Stripped of their sometimes pretentious philosophical jargon (“Does not the hunger of meaning . . . derive from the recollection of a separated being for its state of primordial being in Being?”), Havel’s letters reveal him to be a secular humanist with a strongly existential orientation. His closest temperamental and speculative kinsman is probably Albert Camus: Both men meditate on an “absurd” universe in which existence has no given, absolute truth, value, or meaning. Both men regard such a world not as an invitation to nihilism but rather as an opportunity to establish a man-made, morally coherent worldview which emphasizes the primacy of human dignity, freedom, and fraternity.

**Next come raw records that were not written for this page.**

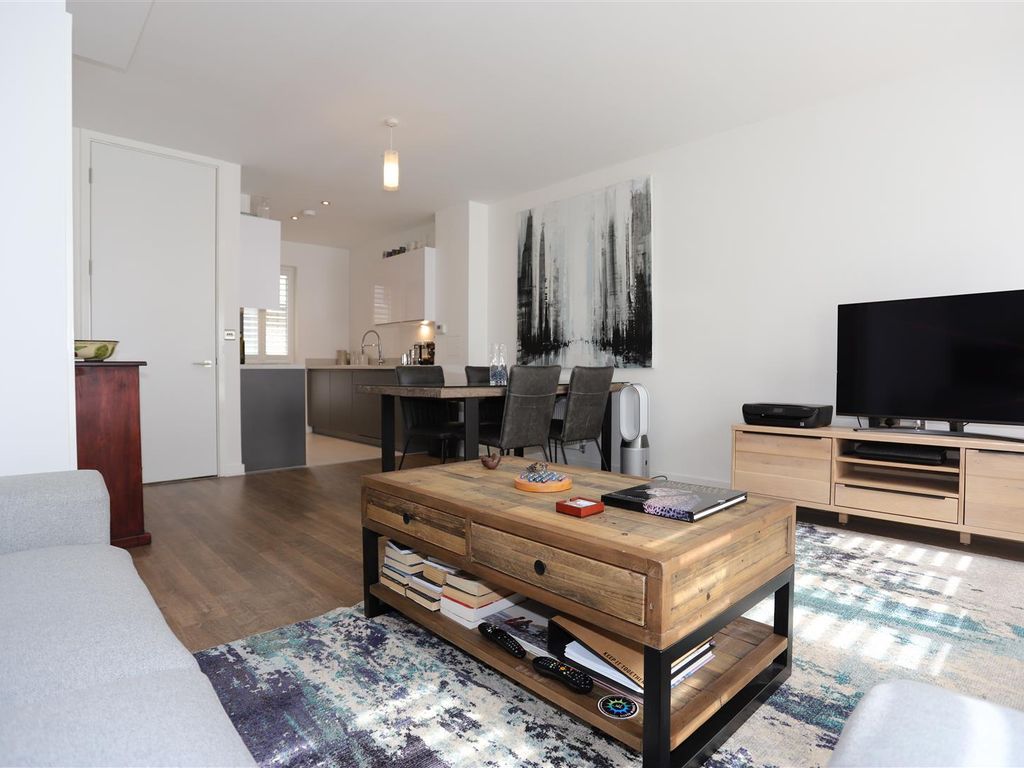 Cotton House, 21 Blossom St M4  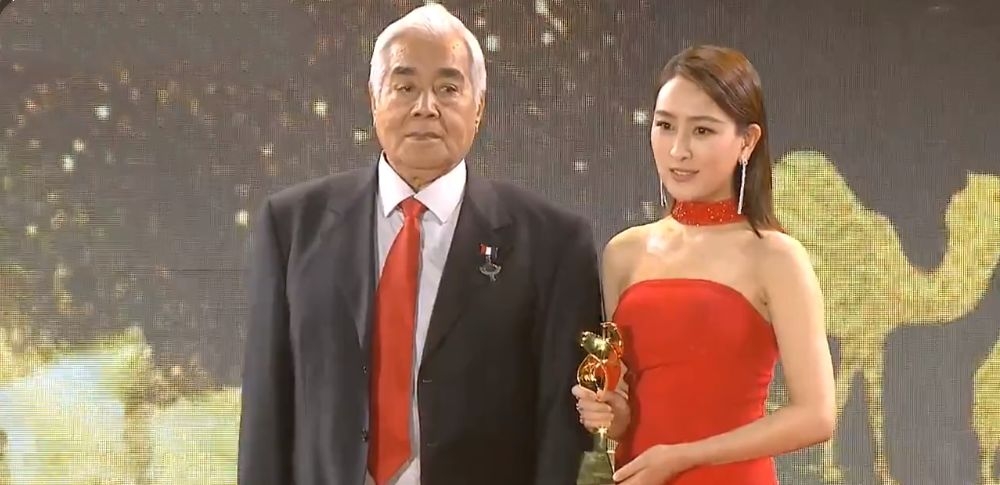 丝路凝聚力盛典现场:马苏久未亮相状态好,刘敏涛造型惊艳完胜!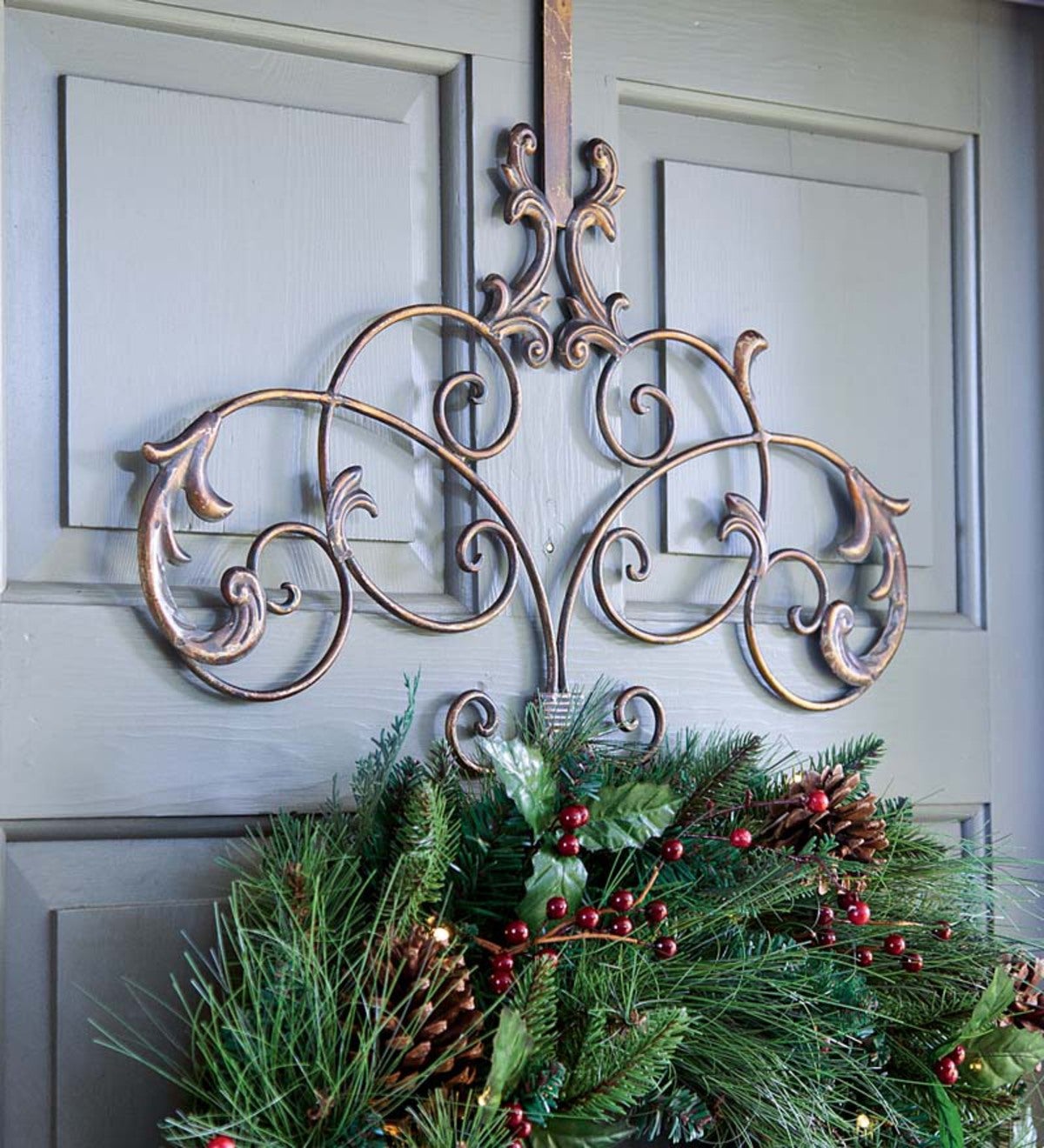 Ultimate Guide to Decorative Wreath Hangers: Style Meets Functionality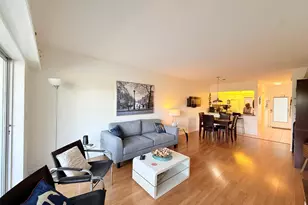 470 Paradise Isle Blvd, Hallandale Beach, FL 33009 - Photo 8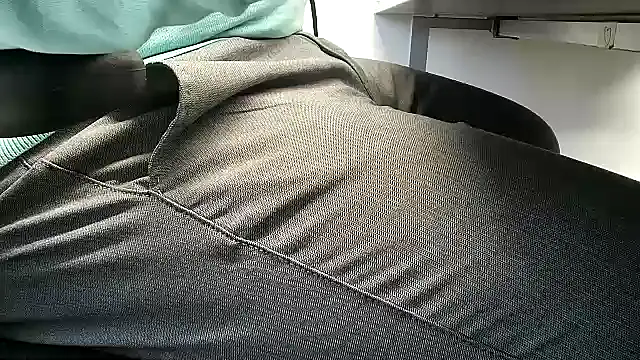 69bezfleku online show from December 3, 7:27 am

As a Czech writer, Havel is indebted to Jaroslav Hasek and, naturally, Franz Kafka. Hasek’s great comic novel Osudy dobreho vojaka Srejka za svetove valky (1921-1923; The Good Soldier Schweik, 1930) is a picaresque, farcical parody of imbecile militarism in particular, despotism in general. Kafka expressed metaphysical anguish, dread, and mystery in some of the twentieth century’s most memorable works of fiction. Havel shares both authors’ bitter humor, genius for allegorical fantasies, and philosophical bent. As one of Europe’s leading absurdist playwrights, Havel has declared his dramatic affinities with Beckett, Ionesco, Pinter, and Stoppard.
Letters to Olga has some value in presenting discussions of the theater’s role, as well as the importance of several plays, by one of the most gifted contemporary dramatists. Its chief value, however, is as a testament to the victory achieved by a person of honor and courage over his vicious hounding by a despicably tyrannous and venomous regime.